Yes I can bring the treasured driftwood home… and some fudge… and a skull pendant from The Witchy Museum, but if I don’t bring home that feeling of ‘this second is important’ then have I really got to wait another year to enjoy my next second? Kids do that naturally. Until we whoosh them on to grow up. Why do we do that? They do it perfectly well by themselves, they don’t need whooshing. But at home, in real life, we get distracted by productivity, by tidying up, by preparing for tomorrow. We forget how to be absorbed in simple moments, and we forget to play.

That last day, just three of us left, I knew it would be our last Cornwall holiday. It’s a long drive to be stuck with no internet AND no older fun siblings. I took pictures of all the patterns in the bungalow. Every room’s different colourful carpet, the curtains, the array of knobbly beige wallpaper, each unmatched chair upholstery, the antimacassars, the cushions, the tiled coffee table, the stripey crockery… so many patterns. Vases of dried flowers, jars of pens and spare dice, tubs of local attraction pamphlets, shelves of holiday novels, jigsaw puzzles, the board games – all the things to make a proper British holiday. It threw sand in the face of white-walled minimalism but this place had such a calmness.

Home life is messy. I spend 51 weeks of the year trying to make space. White walls and labelled baskets mean nothing. Games don’t get put back in place, they get ravaged, re- sellotaped and re-re-sellotaped. Chaos is a powerful tide which will always flatten your castle, much like Boom will always throw a six. We might as well swim with it. How many years of a salty but magical bungalow in Cornwall did it take to teach me that?

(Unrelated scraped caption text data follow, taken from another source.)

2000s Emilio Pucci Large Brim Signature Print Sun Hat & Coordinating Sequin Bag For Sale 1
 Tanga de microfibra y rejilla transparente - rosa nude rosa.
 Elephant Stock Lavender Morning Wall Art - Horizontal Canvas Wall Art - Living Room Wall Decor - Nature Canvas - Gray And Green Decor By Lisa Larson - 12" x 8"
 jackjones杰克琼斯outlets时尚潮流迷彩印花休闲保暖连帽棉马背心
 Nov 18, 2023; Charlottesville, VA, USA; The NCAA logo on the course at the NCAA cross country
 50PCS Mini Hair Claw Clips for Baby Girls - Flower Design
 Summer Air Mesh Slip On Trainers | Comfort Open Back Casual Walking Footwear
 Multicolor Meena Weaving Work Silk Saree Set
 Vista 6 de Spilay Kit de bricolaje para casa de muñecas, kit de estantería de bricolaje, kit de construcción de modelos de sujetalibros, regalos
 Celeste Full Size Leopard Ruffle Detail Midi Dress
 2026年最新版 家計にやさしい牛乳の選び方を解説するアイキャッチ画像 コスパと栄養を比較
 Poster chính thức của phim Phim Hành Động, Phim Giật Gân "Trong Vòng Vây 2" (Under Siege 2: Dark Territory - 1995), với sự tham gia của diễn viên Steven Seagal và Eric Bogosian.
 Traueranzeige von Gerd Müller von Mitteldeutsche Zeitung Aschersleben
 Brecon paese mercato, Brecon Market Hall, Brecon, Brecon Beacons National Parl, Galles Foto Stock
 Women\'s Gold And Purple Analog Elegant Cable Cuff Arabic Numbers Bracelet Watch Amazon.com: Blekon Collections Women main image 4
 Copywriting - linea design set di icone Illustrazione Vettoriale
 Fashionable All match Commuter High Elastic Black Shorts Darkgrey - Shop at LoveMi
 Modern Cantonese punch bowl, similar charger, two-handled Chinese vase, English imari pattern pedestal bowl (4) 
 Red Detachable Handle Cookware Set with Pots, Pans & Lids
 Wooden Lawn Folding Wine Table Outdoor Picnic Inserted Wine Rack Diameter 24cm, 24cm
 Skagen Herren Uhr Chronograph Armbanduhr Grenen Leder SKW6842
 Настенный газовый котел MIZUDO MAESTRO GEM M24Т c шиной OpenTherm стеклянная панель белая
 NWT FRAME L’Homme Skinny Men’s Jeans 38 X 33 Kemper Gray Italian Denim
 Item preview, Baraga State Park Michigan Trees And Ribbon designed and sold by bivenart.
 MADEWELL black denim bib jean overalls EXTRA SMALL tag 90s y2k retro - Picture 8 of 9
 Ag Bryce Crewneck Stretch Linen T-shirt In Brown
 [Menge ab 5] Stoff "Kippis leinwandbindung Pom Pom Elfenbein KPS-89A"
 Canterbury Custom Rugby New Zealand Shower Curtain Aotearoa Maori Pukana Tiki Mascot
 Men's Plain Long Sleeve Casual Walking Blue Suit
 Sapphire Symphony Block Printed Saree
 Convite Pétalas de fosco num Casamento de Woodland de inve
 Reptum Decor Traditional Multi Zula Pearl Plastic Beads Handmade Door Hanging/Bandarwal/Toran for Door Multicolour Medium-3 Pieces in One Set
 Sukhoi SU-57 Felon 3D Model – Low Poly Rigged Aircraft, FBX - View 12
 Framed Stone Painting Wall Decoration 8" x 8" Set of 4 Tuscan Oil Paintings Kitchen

Maybe my holiday memories have been softened in a coastal mist, or soppied-up through James’ photographs of the kids over the years. I melt over Beebee’s sea-tangled hair across the garden table entwined with tiny apples, Boom hunched on the back doorstep with a plaster on his little head, tiny dare-devil Hubbles caught clambering into Narnia, Wallop with… hang on, how old is that game of Guess Who? Look you savages – it’s still in its intact box! Why can’t we do that at home?

I… need to live in Cornwall. Cornwall is magic. Take me back to the Witchy Museum. (And to that nearby ice-cream place that did the ginger fairings flavour.) But I’m pretty sure Cornwall wouldn’t have me for longer than a week, not once I show my true lack of colour. It would drag me out to sea and spit me out on an iceberg halfway to America. ‘There!’ it would say ‘Now you’ve got all the space you want you grumpy freak. A nice breeze. And no need for sticky sunblock. Happy?’

‘Ummm… what other flavours have you got? Can I have a flake AND sprinkles?’